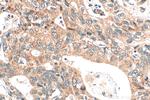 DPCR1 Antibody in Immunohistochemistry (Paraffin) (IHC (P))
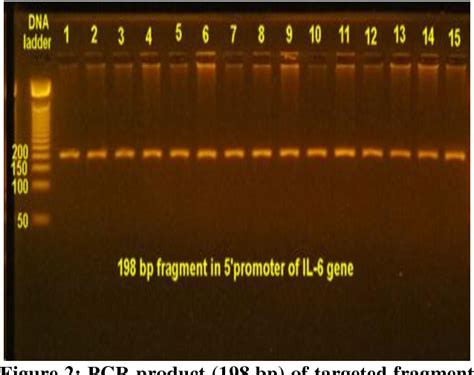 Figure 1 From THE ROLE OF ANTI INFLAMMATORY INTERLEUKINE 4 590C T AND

* * *

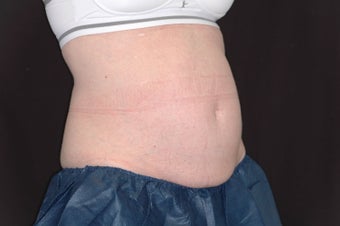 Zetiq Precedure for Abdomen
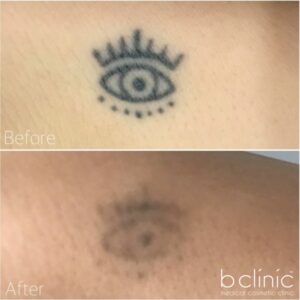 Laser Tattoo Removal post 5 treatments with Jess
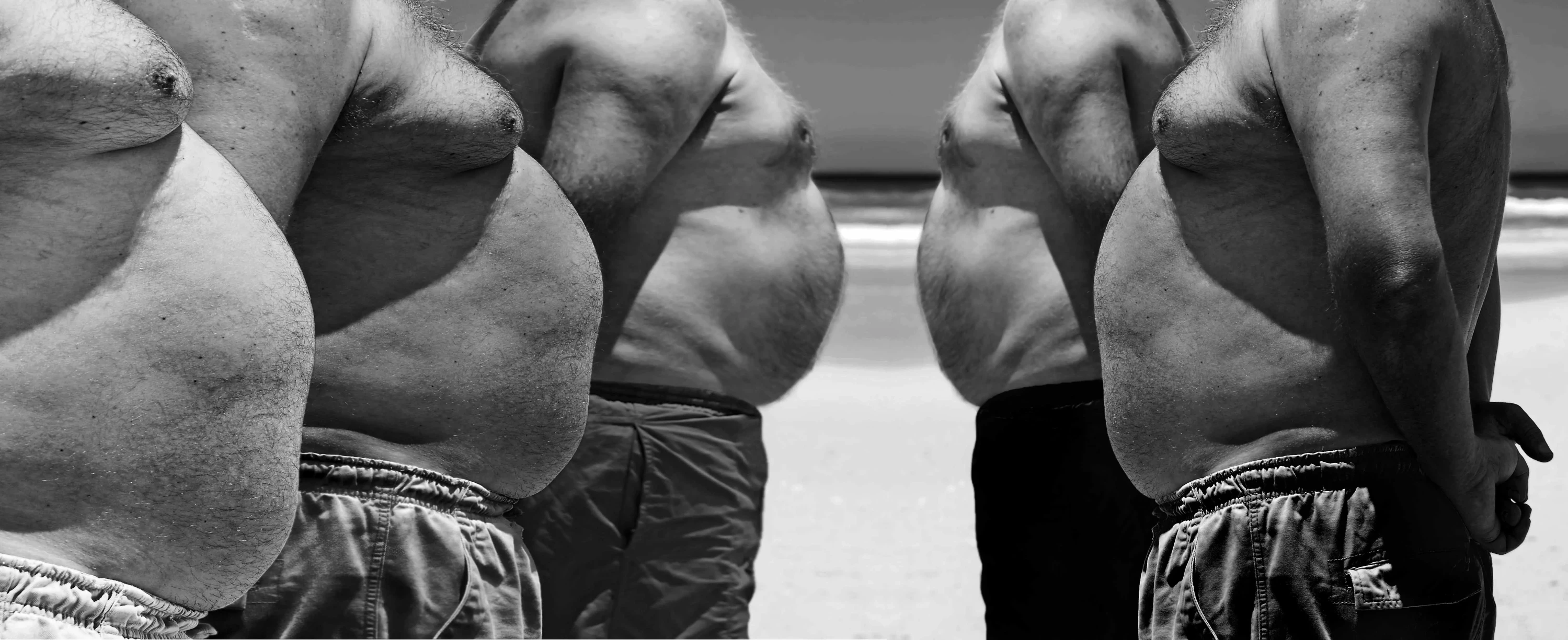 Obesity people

== Assigned task ==
Go back to the lines above and output, exactly as they stand, the ones from the line containing "Laser Tattoo Removal" to the line containing "Obesity people". Leave all pictures behind.

== Solution to this task ==
 Laser Tattoo Removal post 5 treatments with Jess
 Obesity people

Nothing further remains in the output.